C’est aux États-Unis que commença le long malheur institutionnel de Devereux. Après la Seconde Guerre mondiale, il rencontra Roheim, voulut l’imiter, et se heurta à la rigidité de l’International Psychoanalytical Association -car à cause de l’émigration massive des psychanalystes juifs, le siège international de la psychanalyse avait traversé l’Atlantique.
Voici comment on neutralise un génie: Devereux mit en route une cure de psychanalyse à Paris, avec un analyste français qui, au mépris des règles, le remercia au bout d’un an et le desservit consciencieusement par des lettres négatives. Malgré la recommandation de Géza Roheim et une seconde cure entreprise aux États-Unis, Devereux se vit réduit à l’état de psychothérapeute.

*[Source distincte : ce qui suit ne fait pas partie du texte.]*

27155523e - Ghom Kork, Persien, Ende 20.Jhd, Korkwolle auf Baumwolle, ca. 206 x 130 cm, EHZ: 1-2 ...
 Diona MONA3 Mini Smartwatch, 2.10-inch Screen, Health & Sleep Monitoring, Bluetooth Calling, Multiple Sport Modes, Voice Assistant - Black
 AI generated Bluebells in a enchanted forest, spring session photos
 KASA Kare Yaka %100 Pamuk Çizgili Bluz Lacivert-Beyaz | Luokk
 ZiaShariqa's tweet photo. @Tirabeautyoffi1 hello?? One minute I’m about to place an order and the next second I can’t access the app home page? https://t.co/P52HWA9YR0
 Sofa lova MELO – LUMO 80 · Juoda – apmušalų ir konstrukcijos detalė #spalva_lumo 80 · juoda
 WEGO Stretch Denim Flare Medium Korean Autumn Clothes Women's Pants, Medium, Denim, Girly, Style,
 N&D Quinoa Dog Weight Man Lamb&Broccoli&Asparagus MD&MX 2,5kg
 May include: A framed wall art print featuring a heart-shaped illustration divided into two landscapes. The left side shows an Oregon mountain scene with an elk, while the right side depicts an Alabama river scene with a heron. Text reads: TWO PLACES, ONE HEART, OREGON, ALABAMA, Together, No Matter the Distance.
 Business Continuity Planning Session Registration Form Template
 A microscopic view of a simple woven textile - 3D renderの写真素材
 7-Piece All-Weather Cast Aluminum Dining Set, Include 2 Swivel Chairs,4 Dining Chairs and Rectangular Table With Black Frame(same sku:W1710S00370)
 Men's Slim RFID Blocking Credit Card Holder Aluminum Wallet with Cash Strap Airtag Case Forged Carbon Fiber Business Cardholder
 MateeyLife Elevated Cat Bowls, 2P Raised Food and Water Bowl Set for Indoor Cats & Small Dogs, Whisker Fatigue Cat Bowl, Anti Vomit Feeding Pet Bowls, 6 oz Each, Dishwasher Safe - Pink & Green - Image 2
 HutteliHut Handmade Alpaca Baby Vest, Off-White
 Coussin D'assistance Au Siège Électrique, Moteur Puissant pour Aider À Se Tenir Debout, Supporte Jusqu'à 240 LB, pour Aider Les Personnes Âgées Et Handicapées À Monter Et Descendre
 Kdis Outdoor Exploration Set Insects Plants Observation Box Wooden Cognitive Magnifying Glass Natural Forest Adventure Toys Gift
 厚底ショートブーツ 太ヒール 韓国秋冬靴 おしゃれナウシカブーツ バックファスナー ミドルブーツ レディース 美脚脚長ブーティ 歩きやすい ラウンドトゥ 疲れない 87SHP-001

Son premier livre -et le plus passionnant- Psychothérapie d’un Indien des Plaines, relate minutieusement, selon les critères américains qui lui furent imposés, avec une précision imbue de rigueur scientifique, le traitement d’un Indien des Plaines, dont Elisabeth Roudinesco, auteur d’une magnifique préface, nous révèle qu’il était en réalité un Blackfoot. Pour des raisons déontologiques, Devereux dissimule l’appartenance ethnique et le nom véritable de ce Jimmy Picard si attachant.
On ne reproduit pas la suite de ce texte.